Christine Böhm, Ellwangen
Wütend und fassungslos
Zu „Kinder im Zentrum der Pandemie“(30.4.):
Ich bin gelinde gesagt ziemlich wütend und fassungslos. Kinder, die als „Zentrum der Pandemie“bezeichnet werden. Es ist hinreichend bewiesen, dass Kinder am Infektionsgeschehen teilhaben, aber keine Treiber der Pandemie sind. Epidemiologisch folgen die Infektionen bei Kindern dem Infektionsgeschehen bei Erwachsenen, sie gehen diesem aber nicht voraus. Die Kollateralschäden mit ihren weitreichenden Dimensionen durch Schließungen von Schulen und Kitas werden in den Überlegungen zu neuen Maßnahmen in keiner Weise berücksichtigt. Schulen und Kitas sind für Kinder und Jugendliche absolut systemrelevant! Es entzieht sich meinem Verständnis, dass den Schülern, die den ganzen Tag Maske tragen, die Abstand zueinander halten, die jeden zweiten Tag getestet werden, die sich wirklich Mühe geben, sich an alle ihnen auferlegten Regeln zu halten, sobald die „magische Zahl 100“auch nur kurz überschritten wird, der Zutritt zur Bildungseinrichtung verwehrt wird. Realistisch betrachtet, wird sich die Sieben-Tage-Inzidenz um die 100 einpendeln. Heute 99, mein Kind darf in die Schule, morgen 101, zwei Tage später wieder zurück zum Homeschooling. Wie stellen sich die Regierungsvertreter da eine vernünftige Planung vor?

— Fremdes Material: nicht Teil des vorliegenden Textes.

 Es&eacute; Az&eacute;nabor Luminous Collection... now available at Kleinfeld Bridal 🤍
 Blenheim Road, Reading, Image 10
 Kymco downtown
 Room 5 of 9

Dr. Agnes Schön-Morgenweck, Lindau
Urteil ist schallende Ohrfeige
Zu „Klimaschutzgesetz ist verfassungswidrig“(30. 4.):
Das Urteil des Bundesverfassungsgerichts wertet Klimaschutz vom „nice to have“, von der Kür zum einklagbaren Pflichtprogramm politischen Handelns auf. Die Richter folgen damit nicht etwa einem vorübergehenden Zeitgeist, sondern tragen dem fortschreitenden Klimawandel, der insbesondere zukünftige Generationen bedroht, Rechnung. Das Urteil stärkt all jene Stimmen, die einen harten „KlimaLockdown“, den die Natur in absehbarer Zeit der jüngeren Generation aufzwingen könnte, abwenden wollen und daher schon heute ambitionierte Maßnahmen einfordern. Das wegweisende Urteil aus Karlsruhe ist auch eine schallende Ohrfeige für den Regionalverband Bodensee-Oberschwaben mit seinem vorliegenden Regionalplan-Entwurf. Seit Jahren ignorieren die Verantwortlichen die sachlich fundierten Einwände aus Wissenschaft, Umweltverbänden und breiten Teilen der Bevölkerung. Die Planungsvorgaben für die nächsten 20 Jahre spalten mittlerweile nicht nur die Region, sondern untergraben augenscheinlich und auf unerträgliche
Art und Weise die nun aus Karlsruhe als unzureichend bewerteten Vorgaben aus Stuttgart und Berlin. Mit dem Verfassungsgerichtsurteil sollte auch den letzten Befürwortern aus Politik und IHK klar werden, dass der vorliegende Entwurf obsolet ist und vor Gericht nicht länger Bestand haben wird. Um nicht noch mehr Zeit im Kampf gegen den Klimawandel zu verlieren, erwarte ich als besorgter Vater und engagierter Bürger, dass der Regionalplan jetzt schnellstens unter Einbeziehung von Wissenschaft, Naturschutzverbänden und Vertreter*innen der Zivilgesellschaft deutlich nachgebessert wird. So könnte ein konstruktiver Klimakonsens mit der Bevölkerung eingeläutet werden, der die vorhandenen Potenziale in der Region zur Entfaltung bringt, statt sie weiter auszubremsen.